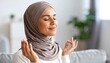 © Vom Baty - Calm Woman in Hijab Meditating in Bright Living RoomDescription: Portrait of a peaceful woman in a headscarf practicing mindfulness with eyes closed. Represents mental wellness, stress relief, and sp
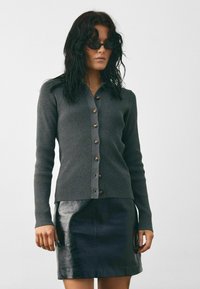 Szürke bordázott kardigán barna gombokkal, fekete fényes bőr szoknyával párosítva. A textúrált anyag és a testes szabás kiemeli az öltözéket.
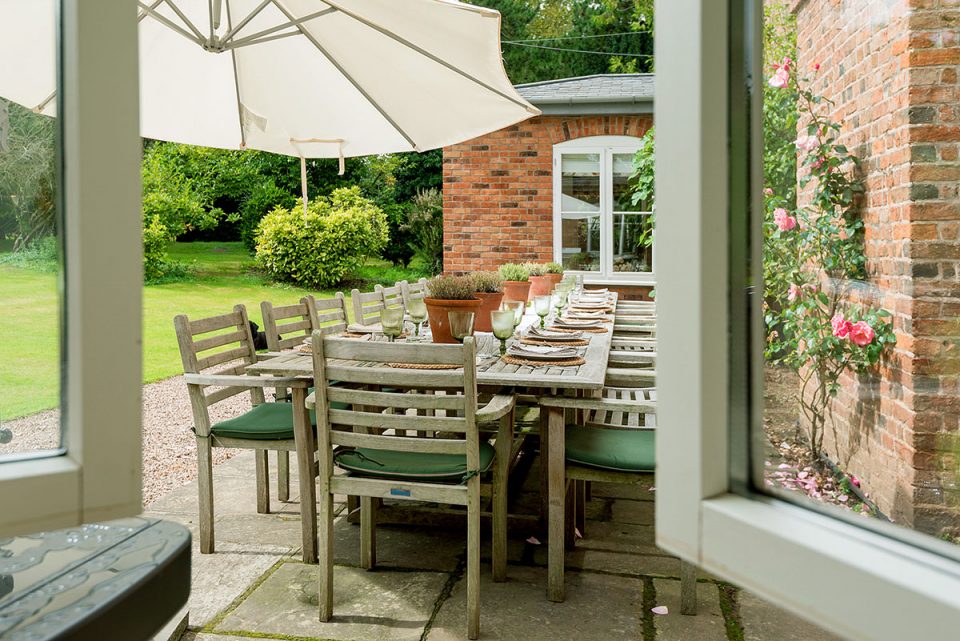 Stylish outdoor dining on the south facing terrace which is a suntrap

--

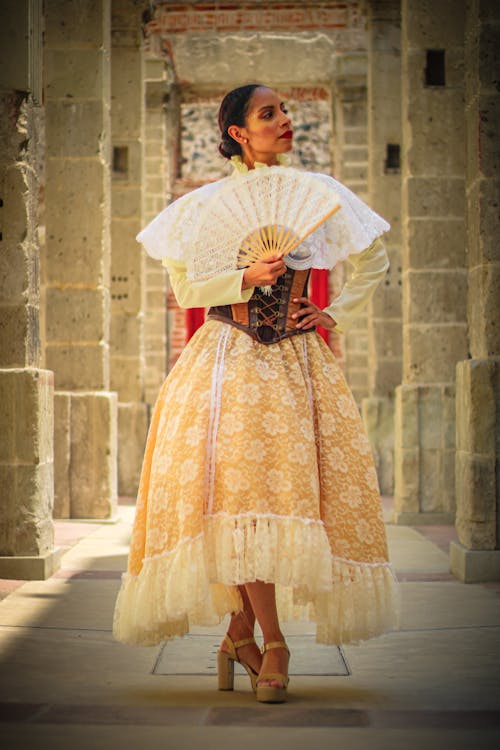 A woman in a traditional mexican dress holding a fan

** Work request **
When you reach the line containing "Szürke bordázott kardigán" in the entries above, begin restating word for word, and stop once the line containing "Stylish outdoor dining" has been given. Omit the pictures.

** Exercise result **
 Szürke bordázott kardigán barna gombokkal, fekete fényes bőr szoknyával párosítva. A textúrált anyag és a testes szabás kiemeli az öltözéket.
 Stylish outdoor dining on the south facing terrace which is a suntrap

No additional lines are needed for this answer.